Nordegren, 34, who rarely speaks publicly and gave her only interview to date to PEOPLE on the eve of her 2010 divorce from Tiger Woods, told her fellow Rollins College graduates at the Winter Park, Florida, commencement ceremony that she was surprised – and "a little scared" – when she got the call about the award and the commencement address that comes with it.
After all, she said, "I have been called a 'woman with no words' in the media and criticized for not talking very much."
Nordegren started college courses at Rollins in 2005, when she was married to Woods and did not yet have children, chipping away at her degree sometimes one class at a time. She took a semester off following the birth of each of her children – Sam, now 6, and Charlie, now 5 – and again in 2010, in the wake of the spectacular revelations of infidelity by her then-husband. That period she referred to Saturday as "the wild storm of my personal life."
With Charlie asleep in the audience, Nordegren said to applause: "Education has been the only consistent part of my life the last nine years. And it has offered me comfort. Education is one thing that no one can take away from you."
The Swedish-born American citizen said her fellow students helped her to keep going. "When you told me stories about your full-time day jobs, about coming home to cook dinner for your families, and about making sure your children were cared for while you were attending classes, you inspired me," she said. "Whatever obstacle I was facing at the time, your stories and sharing helped me put things in perspective."
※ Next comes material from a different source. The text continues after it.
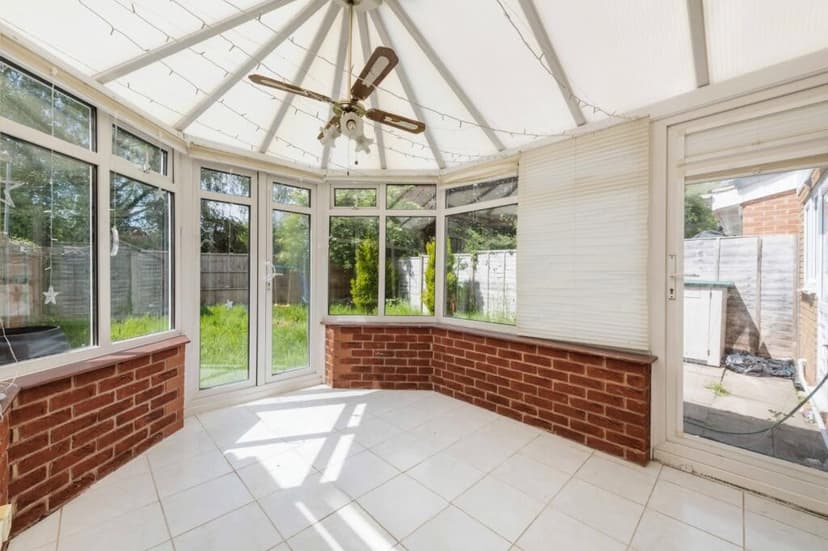 Image 3:4 bedroom Detached house to rent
A nanny and onetime model when she met Woods, Nordegren, for whom English is a second language, had a reputation in pro-golf circles for being quiet and reserved. She joked Saturday about how, right after she had taken a class called Communication and the Media, "I was unexpectedly thrust into the media limelight. I probably should have taken more notes in that class!"
In an exclusive interview for an upcoming issue of PEOPLE, Nordegren says that, whatever her initial trepidation, she ultimately embraced Saturday's speaking duties: "If I can inspire even one mom to go back and get her degree with the message that it's never too late, then I am happy."